[Data extract — start]

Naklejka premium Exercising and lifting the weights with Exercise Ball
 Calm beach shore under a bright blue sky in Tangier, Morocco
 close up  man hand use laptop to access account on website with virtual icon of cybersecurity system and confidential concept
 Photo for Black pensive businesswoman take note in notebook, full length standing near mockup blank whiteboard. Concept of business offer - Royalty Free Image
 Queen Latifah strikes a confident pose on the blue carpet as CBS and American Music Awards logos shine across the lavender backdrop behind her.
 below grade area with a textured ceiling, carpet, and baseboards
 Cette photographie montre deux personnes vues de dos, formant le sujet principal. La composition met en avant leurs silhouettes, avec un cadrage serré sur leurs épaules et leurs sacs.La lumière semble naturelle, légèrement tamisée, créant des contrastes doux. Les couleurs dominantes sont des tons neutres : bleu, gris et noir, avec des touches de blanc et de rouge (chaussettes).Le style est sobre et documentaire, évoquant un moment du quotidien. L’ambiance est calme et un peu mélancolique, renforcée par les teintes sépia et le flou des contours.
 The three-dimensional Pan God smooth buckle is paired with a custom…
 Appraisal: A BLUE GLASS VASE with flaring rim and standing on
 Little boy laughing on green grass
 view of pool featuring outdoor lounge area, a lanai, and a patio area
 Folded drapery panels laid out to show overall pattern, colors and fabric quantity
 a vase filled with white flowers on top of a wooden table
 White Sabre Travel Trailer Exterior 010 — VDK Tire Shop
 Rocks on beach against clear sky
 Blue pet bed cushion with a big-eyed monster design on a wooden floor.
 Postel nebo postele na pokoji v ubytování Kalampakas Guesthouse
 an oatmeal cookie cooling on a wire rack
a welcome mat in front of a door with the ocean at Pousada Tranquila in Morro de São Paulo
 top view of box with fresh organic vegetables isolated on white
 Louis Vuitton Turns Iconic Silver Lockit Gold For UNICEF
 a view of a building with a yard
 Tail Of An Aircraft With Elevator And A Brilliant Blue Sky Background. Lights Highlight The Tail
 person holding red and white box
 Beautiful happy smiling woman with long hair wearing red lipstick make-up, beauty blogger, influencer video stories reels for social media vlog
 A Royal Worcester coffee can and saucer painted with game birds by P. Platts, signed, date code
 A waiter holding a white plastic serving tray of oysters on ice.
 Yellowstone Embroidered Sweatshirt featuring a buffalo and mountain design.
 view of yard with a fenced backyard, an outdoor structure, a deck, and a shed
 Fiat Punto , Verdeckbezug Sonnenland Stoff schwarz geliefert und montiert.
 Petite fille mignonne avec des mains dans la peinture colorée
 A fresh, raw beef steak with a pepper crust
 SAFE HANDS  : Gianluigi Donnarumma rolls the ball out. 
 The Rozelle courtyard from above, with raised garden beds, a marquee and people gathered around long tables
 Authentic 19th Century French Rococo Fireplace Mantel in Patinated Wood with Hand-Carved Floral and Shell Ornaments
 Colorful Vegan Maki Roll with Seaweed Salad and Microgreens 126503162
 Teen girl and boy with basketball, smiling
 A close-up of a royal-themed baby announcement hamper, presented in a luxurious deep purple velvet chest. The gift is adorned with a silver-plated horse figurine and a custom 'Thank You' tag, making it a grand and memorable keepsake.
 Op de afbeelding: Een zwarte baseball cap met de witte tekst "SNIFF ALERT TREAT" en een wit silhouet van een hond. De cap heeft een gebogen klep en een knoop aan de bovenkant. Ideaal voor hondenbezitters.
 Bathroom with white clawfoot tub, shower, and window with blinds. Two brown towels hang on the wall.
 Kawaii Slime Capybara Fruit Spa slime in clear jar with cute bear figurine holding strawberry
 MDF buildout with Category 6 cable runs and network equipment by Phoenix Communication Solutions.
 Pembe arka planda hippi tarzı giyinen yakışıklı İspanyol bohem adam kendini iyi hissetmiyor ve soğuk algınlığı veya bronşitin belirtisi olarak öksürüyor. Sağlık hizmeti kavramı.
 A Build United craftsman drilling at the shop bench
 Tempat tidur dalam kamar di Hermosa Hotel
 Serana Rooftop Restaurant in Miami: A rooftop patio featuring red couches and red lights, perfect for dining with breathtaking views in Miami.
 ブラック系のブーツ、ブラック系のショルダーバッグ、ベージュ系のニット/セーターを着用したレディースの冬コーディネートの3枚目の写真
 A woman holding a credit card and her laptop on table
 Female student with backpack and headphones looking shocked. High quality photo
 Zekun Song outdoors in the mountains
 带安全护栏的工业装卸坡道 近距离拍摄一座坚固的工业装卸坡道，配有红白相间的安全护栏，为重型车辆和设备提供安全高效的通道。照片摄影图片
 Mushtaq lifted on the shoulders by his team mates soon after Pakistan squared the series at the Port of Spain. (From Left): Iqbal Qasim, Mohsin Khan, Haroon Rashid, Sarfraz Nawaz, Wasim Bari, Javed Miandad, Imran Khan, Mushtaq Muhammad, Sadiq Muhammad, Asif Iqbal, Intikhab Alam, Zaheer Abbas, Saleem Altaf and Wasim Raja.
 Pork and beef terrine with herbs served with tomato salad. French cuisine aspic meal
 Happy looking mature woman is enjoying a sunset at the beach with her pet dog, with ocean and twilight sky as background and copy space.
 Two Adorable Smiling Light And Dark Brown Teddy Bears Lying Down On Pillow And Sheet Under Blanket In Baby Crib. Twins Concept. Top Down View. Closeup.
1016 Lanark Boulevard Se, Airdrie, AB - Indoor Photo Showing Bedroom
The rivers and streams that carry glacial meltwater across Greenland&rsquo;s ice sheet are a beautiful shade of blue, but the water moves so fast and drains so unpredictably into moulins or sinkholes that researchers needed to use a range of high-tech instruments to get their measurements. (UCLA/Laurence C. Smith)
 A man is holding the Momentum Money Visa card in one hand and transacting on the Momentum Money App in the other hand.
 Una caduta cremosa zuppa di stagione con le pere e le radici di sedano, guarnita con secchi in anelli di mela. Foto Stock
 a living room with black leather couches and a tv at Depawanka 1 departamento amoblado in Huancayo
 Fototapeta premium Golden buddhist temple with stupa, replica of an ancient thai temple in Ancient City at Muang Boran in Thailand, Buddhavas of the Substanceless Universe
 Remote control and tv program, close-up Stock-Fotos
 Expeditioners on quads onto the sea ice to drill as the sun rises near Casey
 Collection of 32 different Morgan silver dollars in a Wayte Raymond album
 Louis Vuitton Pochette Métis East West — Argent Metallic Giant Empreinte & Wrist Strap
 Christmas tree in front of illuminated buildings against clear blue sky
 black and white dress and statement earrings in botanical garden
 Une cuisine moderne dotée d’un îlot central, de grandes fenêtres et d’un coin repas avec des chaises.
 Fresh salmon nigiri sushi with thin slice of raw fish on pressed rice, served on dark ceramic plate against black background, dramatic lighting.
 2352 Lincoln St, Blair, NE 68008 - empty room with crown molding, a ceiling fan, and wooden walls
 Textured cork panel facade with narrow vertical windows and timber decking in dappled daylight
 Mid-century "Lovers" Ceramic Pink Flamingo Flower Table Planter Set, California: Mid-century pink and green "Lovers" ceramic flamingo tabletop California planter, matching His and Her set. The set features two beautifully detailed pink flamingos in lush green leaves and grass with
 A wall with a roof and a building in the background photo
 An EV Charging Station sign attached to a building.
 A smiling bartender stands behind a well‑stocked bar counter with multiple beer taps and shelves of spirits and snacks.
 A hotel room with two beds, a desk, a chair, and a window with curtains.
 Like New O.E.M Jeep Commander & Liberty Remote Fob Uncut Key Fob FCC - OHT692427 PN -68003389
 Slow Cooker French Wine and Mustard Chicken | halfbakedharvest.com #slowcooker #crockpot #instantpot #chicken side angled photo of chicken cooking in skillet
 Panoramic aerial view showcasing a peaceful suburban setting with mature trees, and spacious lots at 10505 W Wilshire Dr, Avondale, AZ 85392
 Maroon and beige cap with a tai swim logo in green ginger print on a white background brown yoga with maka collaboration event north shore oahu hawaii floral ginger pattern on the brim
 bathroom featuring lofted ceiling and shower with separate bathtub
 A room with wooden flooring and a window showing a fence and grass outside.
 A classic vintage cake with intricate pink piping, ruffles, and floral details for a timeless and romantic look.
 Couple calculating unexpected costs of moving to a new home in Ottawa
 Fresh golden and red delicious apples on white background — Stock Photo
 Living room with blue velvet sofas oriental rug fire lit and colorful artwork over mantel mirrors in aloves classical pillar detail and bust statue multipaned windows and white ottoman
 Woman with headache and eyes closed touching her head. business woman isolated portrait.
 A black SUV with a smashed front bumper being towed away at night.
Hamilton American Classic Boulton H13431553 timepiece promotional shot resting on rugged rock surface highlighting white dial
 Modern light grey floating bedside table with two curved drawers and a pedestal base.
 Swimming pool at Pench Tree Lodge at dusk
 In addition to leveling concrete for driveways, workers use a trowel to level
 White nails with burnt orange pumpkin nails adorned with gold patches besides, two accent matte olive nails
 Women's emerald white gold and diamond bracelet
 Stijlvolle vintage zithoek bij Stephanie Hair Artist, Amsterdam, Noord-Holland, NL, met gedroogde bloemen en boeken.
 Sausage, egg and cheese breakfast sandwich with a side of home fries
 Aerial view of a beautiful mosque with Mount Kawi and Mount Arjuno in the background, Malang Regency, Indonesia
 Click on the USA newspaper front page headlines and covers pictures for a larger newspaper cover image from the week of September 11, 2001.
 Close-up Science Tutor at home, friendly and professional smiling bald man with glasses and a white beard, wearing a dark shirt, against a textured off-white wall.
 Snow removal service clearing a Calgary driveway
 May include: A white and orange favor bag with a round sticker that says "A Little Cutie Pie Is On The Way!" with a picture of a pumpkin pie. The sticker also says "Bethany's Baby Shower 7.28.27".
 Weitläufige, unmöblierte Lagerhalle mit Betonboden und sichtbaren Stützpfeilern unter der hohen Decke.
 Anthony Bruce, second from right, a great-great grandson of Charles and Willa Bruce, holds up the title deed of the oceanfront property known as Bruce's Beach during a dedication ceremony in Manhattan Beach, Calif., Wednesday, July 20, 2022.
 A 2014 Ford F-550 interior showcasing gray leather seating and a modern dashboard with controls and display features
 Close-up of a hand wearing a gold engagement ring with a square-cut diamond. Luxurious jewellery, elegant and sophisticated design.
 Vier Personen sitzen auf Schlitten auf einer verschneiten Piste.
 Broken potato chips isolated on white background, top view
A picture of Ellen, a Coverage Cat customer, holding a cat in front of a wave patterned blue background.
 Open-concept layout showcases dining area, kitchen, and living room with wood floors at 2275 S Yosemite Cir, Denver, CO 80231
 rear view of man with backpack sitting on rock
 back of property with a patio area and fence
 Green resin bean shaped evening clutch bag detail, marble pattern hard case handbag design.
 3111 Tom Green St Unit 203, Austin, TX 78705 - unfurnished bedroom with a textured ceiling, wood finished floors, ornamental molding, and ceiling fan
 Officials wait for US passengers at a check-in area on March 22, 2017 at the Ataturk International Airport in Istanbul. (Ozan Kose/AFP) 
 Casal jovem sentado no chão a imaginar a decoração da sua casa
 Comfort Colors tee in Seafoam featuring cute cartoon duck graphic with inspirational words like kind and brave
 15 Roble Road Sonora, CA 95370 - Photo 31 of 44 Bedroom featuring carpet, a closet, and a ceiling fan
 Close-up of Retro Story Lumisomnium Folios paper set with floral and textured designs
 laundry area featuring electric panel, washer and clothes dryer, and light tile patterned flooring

[Data extract — finish]

Action item: From the material above, set down exactly the lines starting at the one with "Female student with" and ending at the one with "The rivers and", end lines included.

Task solution:
 Female student with backpack and headphones looking shocked. High quality photo
 Zekun Song outdoors in the mountains
 带安全护栏的工业装卸坡道 近距离拍摄一座坚固的工业装卸坡道，配有红白相间的安全护栏，为重型车辆和设备提供安全高效的通道。照片摄影图片
 Mushtaq lifted on the shoulders by his team mates soon after Pakistan squared the series at the Port of Spain. (From Left): Iqbal Qasim, Mohsin Khan, Haroon Rashid, Sarfraz Nawaz, Wasim Bari, Javed Miandad, Imran Khan, Mushtaq Muhammad, Sadiq Muhammad, Asif Iqbal, Intikhab Alam, Zaheer Abbas, Saleem Altaf and Wasim Raja.
 Pork and beef terrine with herbs served with tomato salad. French cuisine aspic meal
 Happy looking mature woman is enjoying a sunset at the beach with her pet dog, with ocean and twilight sky as background and copy space.
 Two Adorable Smiling Light And Dark Brown Teddy Bears Lying Down On Pillow And Sheet Under Blanket In Baby Crib. Twins Concept. Top Down View. Closeup.
1016 Lanark Boulevard Se, Airdrie, AB - Indoor Photo Showing Bedroom
The rivers and streams that carry glacial meltwater across Greenland&rsquo;s ice sheet are a beautiful shade of blue, but the water moves so fast and drains so unpredictably into moulins or sinkholes that researchers needed to use a range of high-tech instruments to get their measurements. (UCLA/Laurence C. Smith)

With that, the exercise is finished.